You might need a pretty broad term to be fully descriptive of what the committee does. But consider choosing a name that stands the test of time. Don’t leap to the conclusion that it should be called the “ESG Committee.”
Of course, you can always change the committee’s name, fine tune it, down the road – but it’s good if you get it right from the start.
- New Committee’s Charter – A charter isn’t required for committees beyond the three key board committees (audit, compensation, and governance committee) but as a good practice every board committee should have one – and they usually do. The charter should set forth the committee’s responsibilities and authority delegated from the board. The charter should describe the committee’s composition and structure.
Don’t include aspirational items that the committee is unlikely to tackle. That may well lead to a lawsuit as there are lawyers out there looking for this type of problem. Or even worse, a shareholder activist could leverage that mistake as part of its campaign for control.
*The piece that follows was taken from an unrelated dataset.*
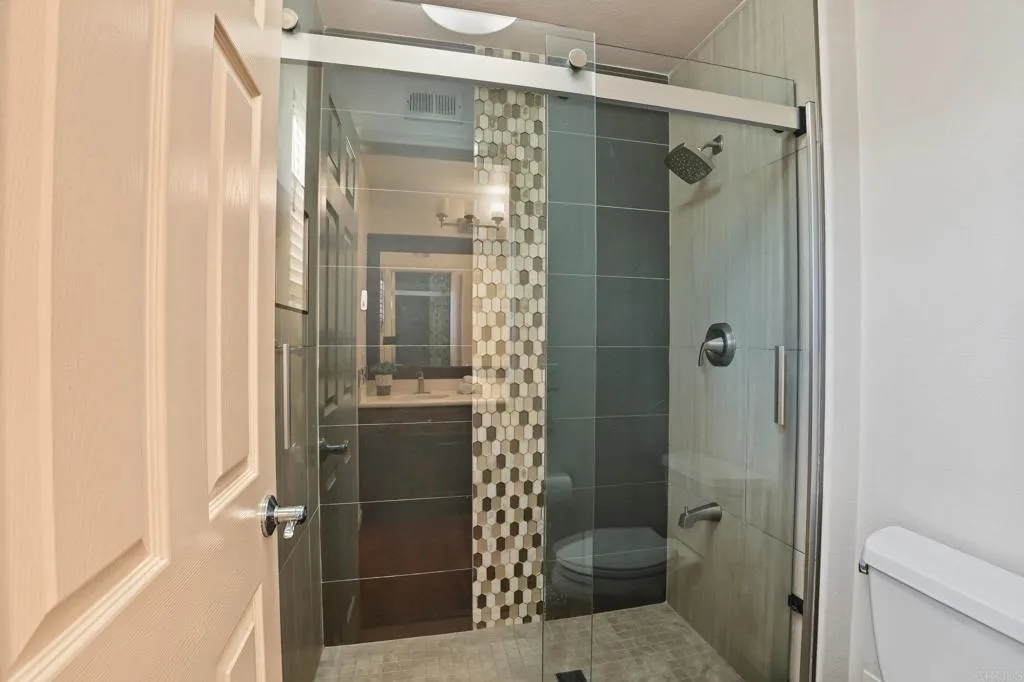 https://cdn.realtyfeed.com/cdn/127/307095566/19b03981736c402e6295c64552ca16a1.webp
Of course, certain activities can’t be delegated to this new board committee – the ones that stock exchange requirements and director independence rules require be housed within one of those three key standing committees. The audit stuff stays with the audit committee, the compensation stuff stays with the compensation committee, and the nomination of new directors stays with the governance committee.
You can find a number of charters for committees established by other boards through a web search or reviewing company IR websites, but be careful as you want the content of your committee’s charter to reflect exactly what your committee will be doing, and what limits it has. But it’s always useful to look at samples to ensure that you’re not missing anything.
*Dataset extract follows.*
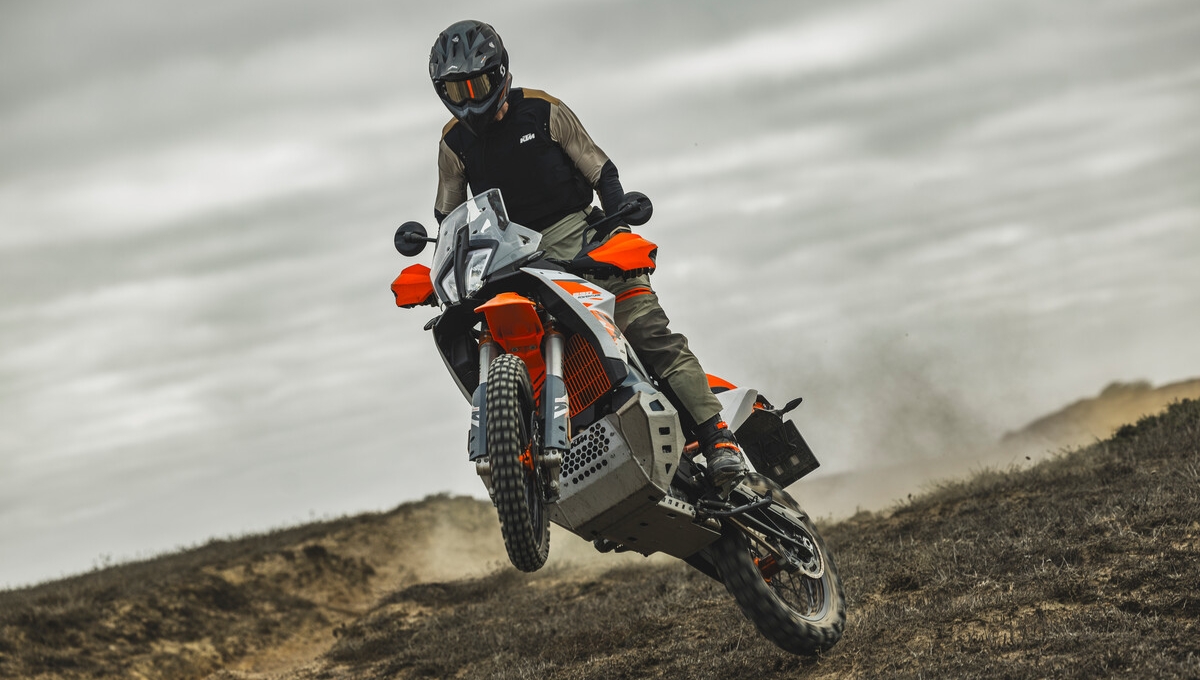 KTM 890 Adventure R 2025: दमदार 104.69 PS पावर, 22.22 kmpl माइलेज और 20L टैंक के साथ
- New Committee’s Members – Then you need to decide which directors should sit on this new committee. Obviously, it would be good if some of them have some experience, some expertise, with the issues they will need to oversee. Particularly the committee chair.
Also consider whether a director has sufficient time to take on new responsibilities. Are they already overworked by their existing board duties or other responsibilities? You may be filling a seat or two on this new committee with directors that you recruit onto the board.
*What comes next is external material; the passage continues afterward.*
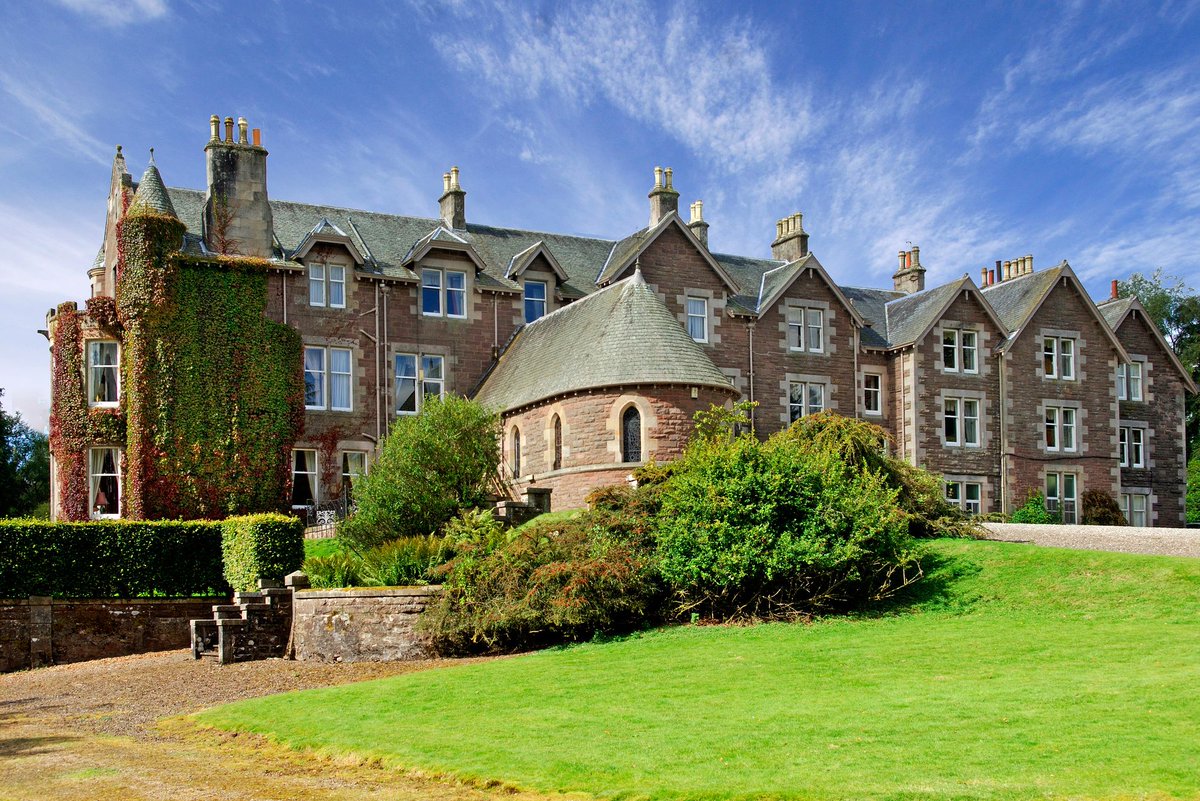 Cromlix tweet media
- Public Disclosure of the New Committee – Your company likely will want to trumpet the formation of this new board committee. A voluntary Form 8-K may be in order after it’s established, with a press release filed as an exhibit—though many companies might prefer not to set this kind of disclosure precedent.
If your company has a separate web page on its corporate website about sustainability and social responsibility, you’ll want to feature this new committee there too.
And then comes the proxy season, when you will be mixing in this new committee into your proxy disclosure, adding a description of this new committee into your Item 407 disclosure. Technically, Item 407 disclosure isn’t required outside of the three key board committees – but it’s a universal practice to describe all of a board’s standing committees. Not to mention that Item 407(h) elicits disclosure of a board’s risk oversight – and this committee clearly will be overseeing some risk that the company faces.
As for those directors that sit on this new committee, you’ll be listing their committee membership as part of their director bios, providing Item 401(a) disclosure – as well as disclosure as part of the board & committee meeting attendance calculations and disclosure under Item 407(b).